Whilst the OP was obviously just trying to be controversial and doesn't have much of a grasp of the economics behind it, the point I believe he is bringing up is about demographics and the birth rate.
There is a lot of evidence to show that an environment of low fertility is more advantageous to economic growth, than high fertility. Where you have societies with a lower birthrate you get slower population growth. If you think about the economy having a certain amount of capital and a certain number of workers, then as the economy accumulates capital (through investment, which is influenced by the saving rate) then it increases the amount of capital per worker - this is capital deepening. But as the number of workers increases, then in order to maintain the same level of capital per worker as before, it needs more capital to give to the new workers - this is capital widening. When you have fast population growth, you have more capital widening going on, and not so much capital deepening. When you have slow population growth you have more capital deepening, so each worker becomes more productive, and output per worker increases (GDP per capita increases). Also when you have slower population growth, you get more investment (in terms of education) per child.
So why do some economies have high population growth and others low population growth? Although it seems paradoxical, the biggest link is with disease and the mortality rate. In countries where there are high levels of mortality particularly child mortality, because of disease/starvation then you get higher population growth because households are naturally risk averse and so overcompensate in terms of fertility. Especially in agricultural societies, where people need children in practical terms because they carry out farming work and support the work of the adults, they have more children because they are factoring in the risk factor that one or two of their children will die. I know there are also religious/cultural elements, but if you look at European societies they had high birth rates before advances in disease control like immunisation started to get on top of smallpox and the other diseases that used to be responsible for high child mortality.

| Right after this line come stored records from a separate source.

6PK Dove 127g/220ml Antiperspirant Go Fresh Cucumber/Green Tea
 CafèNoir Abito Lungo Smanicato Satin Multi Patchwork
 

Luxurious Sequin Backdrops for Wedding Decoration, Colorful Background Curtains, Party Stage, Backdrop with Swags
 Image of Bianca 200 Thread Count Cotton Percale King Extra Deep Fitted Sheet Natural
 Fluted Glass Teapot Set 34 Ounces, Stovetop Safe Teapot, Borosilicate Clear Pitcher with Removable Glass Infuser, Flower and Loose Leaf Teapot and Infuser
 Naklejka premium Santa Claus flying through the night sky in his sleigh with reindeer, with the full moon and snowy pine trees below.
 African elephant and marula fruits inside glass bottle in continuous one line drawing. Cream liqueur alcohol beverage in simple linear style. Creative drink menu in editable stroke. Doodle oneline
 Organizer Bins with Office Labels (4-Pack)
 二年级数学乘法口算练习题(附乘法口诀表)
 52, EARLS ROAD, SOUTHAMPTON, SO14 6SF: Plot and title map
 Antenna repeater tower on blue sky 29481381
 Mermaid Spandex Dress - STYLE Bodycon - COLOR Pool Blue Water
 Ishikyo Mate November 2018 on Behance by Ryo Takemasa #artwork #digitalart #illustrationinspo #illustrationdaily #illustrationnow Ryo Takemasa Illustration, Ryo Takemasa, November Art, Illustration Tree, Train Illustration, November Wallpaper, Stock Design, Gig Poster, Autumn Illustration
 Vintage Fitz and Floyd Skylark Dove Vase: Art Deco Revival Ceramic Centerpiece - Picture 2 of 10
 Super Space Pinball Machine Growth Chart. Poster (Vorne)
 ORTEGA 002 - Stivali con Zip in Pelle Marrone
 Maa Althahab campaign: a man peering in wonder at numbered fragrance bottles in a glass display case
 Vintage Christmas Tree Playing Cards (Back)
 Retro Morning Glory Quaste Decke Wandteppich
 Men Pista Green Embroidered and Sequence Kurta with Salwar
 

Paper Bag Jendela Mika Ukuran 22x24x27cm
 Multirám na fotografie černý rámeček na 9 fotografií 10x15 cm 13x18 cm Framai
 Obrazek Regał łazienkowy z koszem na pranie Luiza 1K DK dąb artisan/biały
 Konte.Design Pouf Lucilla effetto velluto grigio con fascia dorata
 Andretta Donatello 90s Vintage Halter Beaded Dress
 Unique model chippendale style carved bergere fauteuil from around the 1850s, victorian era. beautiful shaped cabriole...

As disease control improved the birth rate and population growth slowed.
If you look at why tropical countries are poor this is one of the biggest issues - the presence of malaria. In some of the tropical countries which are in island or coastal environments, eg Hong Kong, Singapore, Mauritius and Taiwan, they have had more success in eliminating malaria because you can drain swamps, spray DDT etc and you haven't got mosquitos flying in from neighbouring countries to bring it back, but you can't do this in sub Saharan Africa where a lot of the countries are landlocked so they just have mosquitoes all over the place ready to bring it back in, the ecology is a lot more supportive of malaria. The four countries I mentioned before brought their birth rates down after they got on top of disease which has enabled them to grow their economies and move towards economies based on production and service sectors, rather than just agricultural economies.
The most useful form of support for the developing world IMO is in research into tropical disease and disease control. Once you get on top of disease it becomes far easier for an economy to develop because the rate of population growth drops.